Contrordine compagni. Non c’è più il pensiero unico, ce ne sono almeno due. Calma e gesso, si sta parlando della riforma del cinema e dell’audiovisivo in discussione presso la competente commissione del Senato. Infatti, la discussione ruotava attorno al disegno di legge di Rosa Di Giorgi (sottoscritto da numerosi esponenti del partito democratico) – in presenza pure dell’articolato di Francesco Giro di fede pidiellina – frutto di un lungo lavoro istruttorio.

Modello di riferimento è quello francese, fondato su un centro nazionale per la cinematografia che integra e supera le strutture ministeriali. Si aggiunge nell’ipotesi Di Giorgi la «tassa di scopo», vale a dire il prelievo percentuale sui biglietti, e soprattutto sui proventi degli editori televisivi, nonché dei gestori telefonici e dei fornitori di servizi di comunicazione on line: gli «Over the top», vale a dire gli imperi digitali come Google.

Lacunoso qua e là, come sui temi dell’introduzione larga della didattica dei testi, incerto sul delicato aspetto della redistribuzione delle risorse: però un punto di partenza. Tale da fare immaginare possibile un’uscita dal vuoto pluriennale di una normativa di sistema, che risale alla legge (Corona) 1213 del 1965: un anno d’amore, cantava Mina; e c’erano ancora i Beatles.

Nel frattempo è cambiato il mondo.

Insomma, pur con riserve e necessarie modifiche, la strada sembrava spianata. Del resto il ddl data 24 marzo 2015.

E, invece, ecco arrivare il governo, con un dispositivo decisamente oppositivo. Sparisce il centro nazionale, viene sostituito il prelievo sui «ricchi» con una quota delle imposte – la fiscalità generale – a carico dei protagonisti del settore (ma non gli «Over the top»), si riduce al 15% del totale il flusso verso le opere a minor certezza di successo. Non meno di 400 milioni di euro in tutto, si dice. Non granché, visto che oggi affluiscono al comparto circa 240 milioni (77 dal fondo dello spettacolo e il resto dal tax credit). E varie altre differenze.

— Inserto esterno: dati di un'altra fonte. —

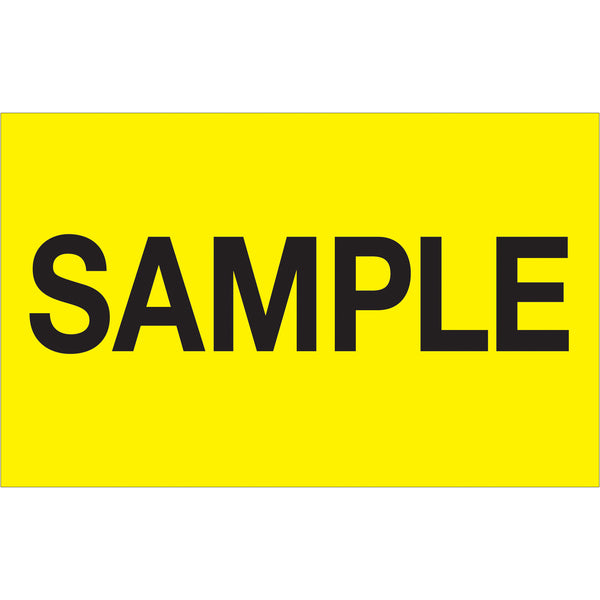 1 1/4 x 2" - "Sample" (Fluorescent Yellow) Labels, Roll Of 500 Roll Of 500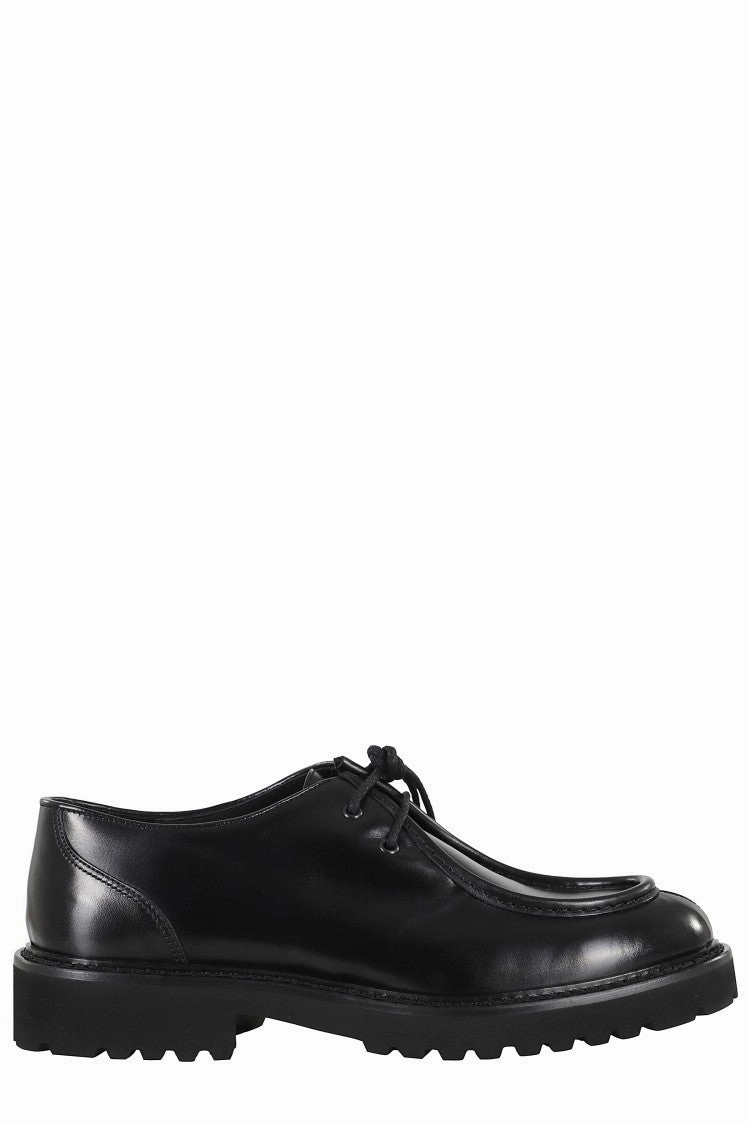 Silent Walk Street Formal Black Smooth Leather Derby Shoes With Lace-Up Closure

Naturalmente, con molteplici (25?) decreti attuativi.

Quasi un anno dopo, il governo smentisce di fatto la sua stessa maggioranza, suscitando amarezza e sconforto nella quasi totalità delle associazioni interessate (a cominciare dall’Anac e dai 100 autori), salvo forse l’organizzazione dei produttori.
Il rischio concreto è che ora il processo legislativo si interrompa o che si ribalti l’ordine degli addendi, essendo la proposta del ministro Franceschini un collegato della manovra economica, quindi formalmente prioritaria. Sarà praticabile una convergenza? Senza un chiarimento politico vero non c’è da sperarci troppo. Del resto, già nelle due precedenti legislature tentativi di riforma (Colasio, Franco) progenitori dell’attuale testo parlamentare si impantanarono dopo incoraggianti inizi. Ovviamente, non c’è da augurarselo.

Tuttavia, è doverosa una scelta netta.

Dire «cinema» nell’era delle svariate piattaforme digitali significa evocare contenuti e qualità. «Cinema» non è solo un medium, bensì anche un’opzione culturale che attraversa, sostanzia l’insieme dei mezzi tecnici.

Significa mettere fine all’egemonia della televisione generalista, che ha occupato l’immaginario collettivo, tra l’altro saccheggiando il patrimonio: solo la Rai nel 2015 ha trasmesso 2.873 film -278 Rai1 (46 nel prime time), 1.425 Rai2 (56) e 1.170 (100) Rai3- di cui solo il 40% italiani ed europei.

Ecco perché il cinema fiction e documentario ha bisogno di riconquistare centralità. Per dare anima e memoria alla società dell’informazione.